**GOAL OF THE EXERCISE:** Repeat the data exactly, leaving out any image.

─── STUDY MATERIAL ───

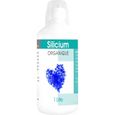 Silicium organique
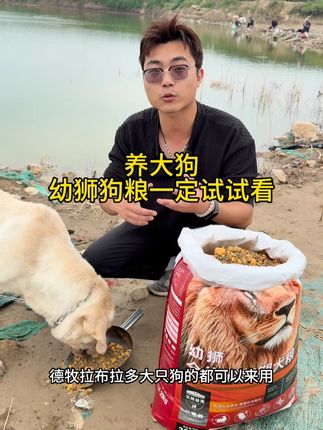 真正能让狗狗爱不释口的狗粮就是这款幼狮牛肉成犬粮#狗粮推荐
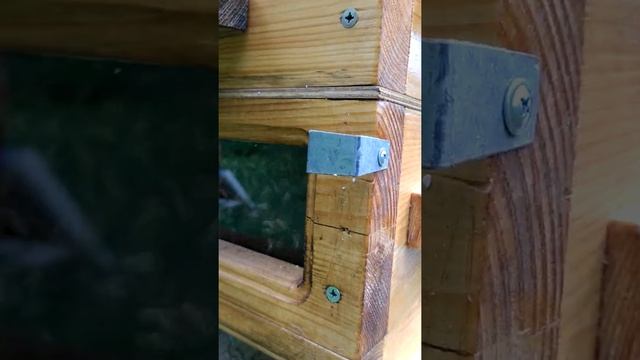 Японский улей с окнами смотреть онлайн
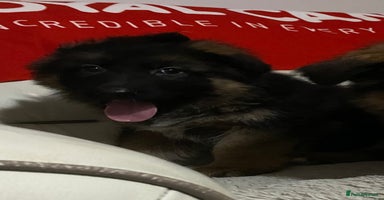 German Shepherd dogs - Advert 2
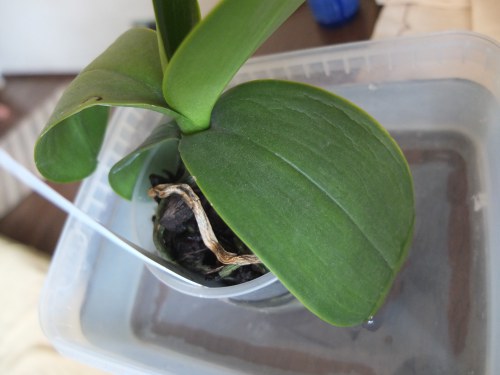 Como transplantar uma orquídea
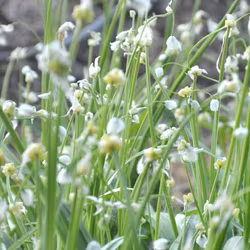 Snödroppslök - Allium paradoxum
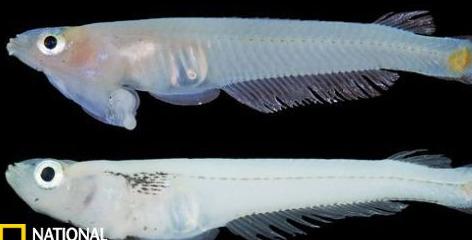湄公河怪异鱼类生殖器官长在头部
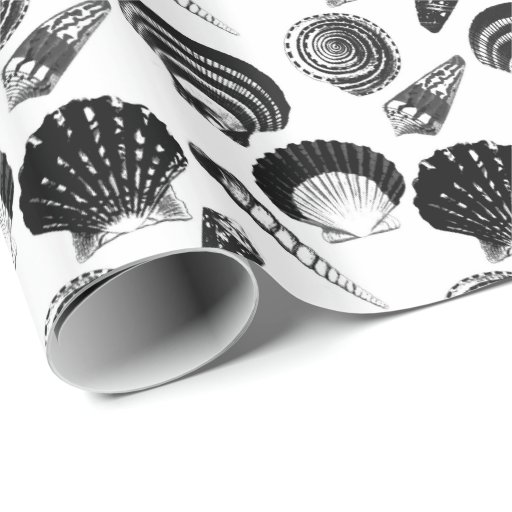 Image of Seashells - black and white on a white background Wrapping Paper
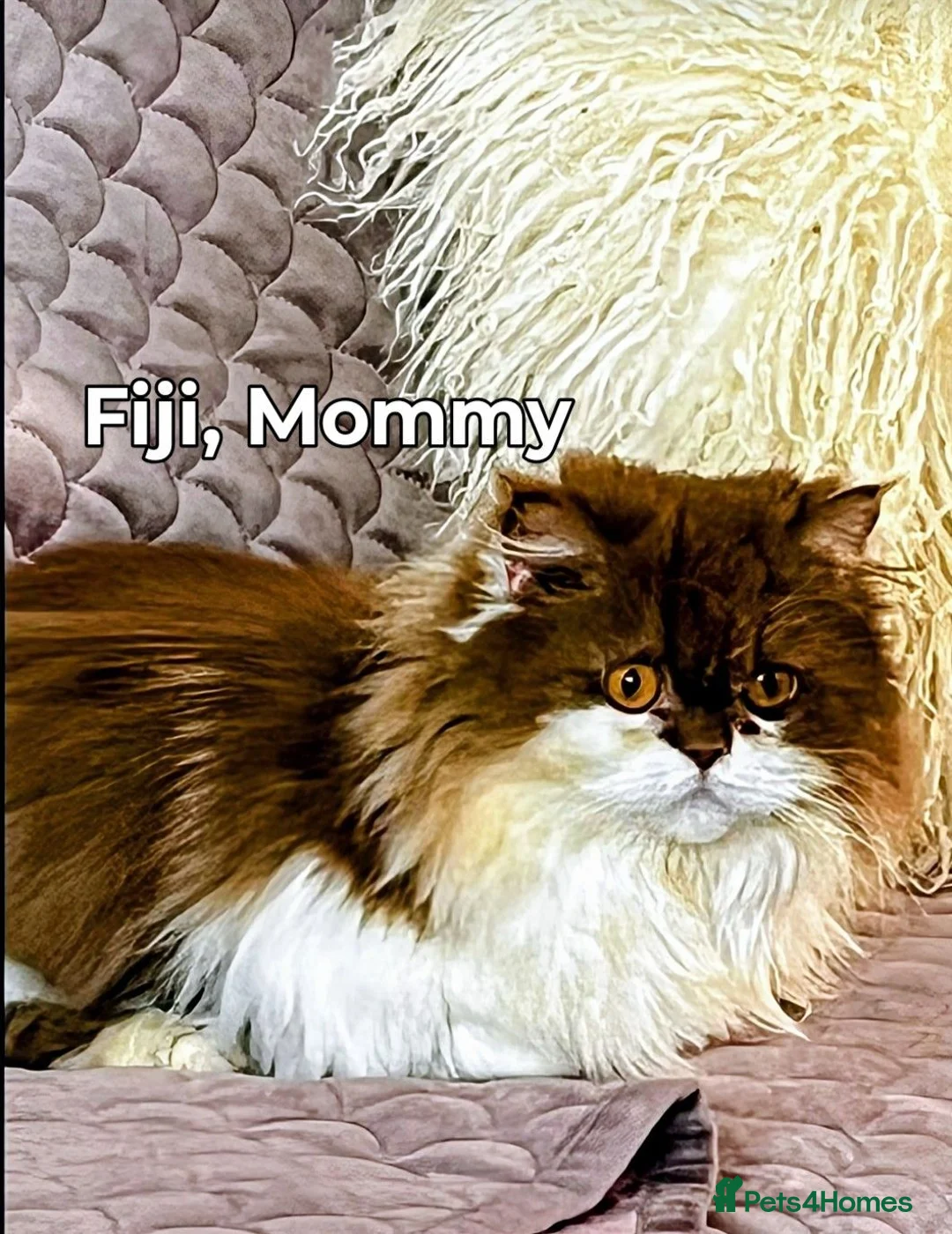 British Longhair cats for sale: Cinnamon bi colour, blue golden  - Advert 2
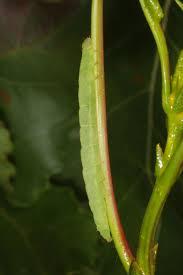 Attēlu rezultāti vaicājumam “Colobochyla salicalis”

───

**SOLUTION:**
 Silicium organique
 真正能让狗狗爱不释口的狗粮就是这款幼狮牛肉成犬粮#狗粮推荐
 Японский улей с окнами смотреть онлайн
 German Shepherd dogs - Advert 2
 Como transplantar uma orquídea
 Snödroppslök - Allium paradoxum
湄公河怪异鱼类生殖器官长在头部
 Image of Seashells - black and white on a white background Wrapping Paper
 British Longhair cats for sale: Cinnamon bi colour, blue golden  - Advert 2
 Attēlu rezultāti vaicājumam “Colobochyla salicalis”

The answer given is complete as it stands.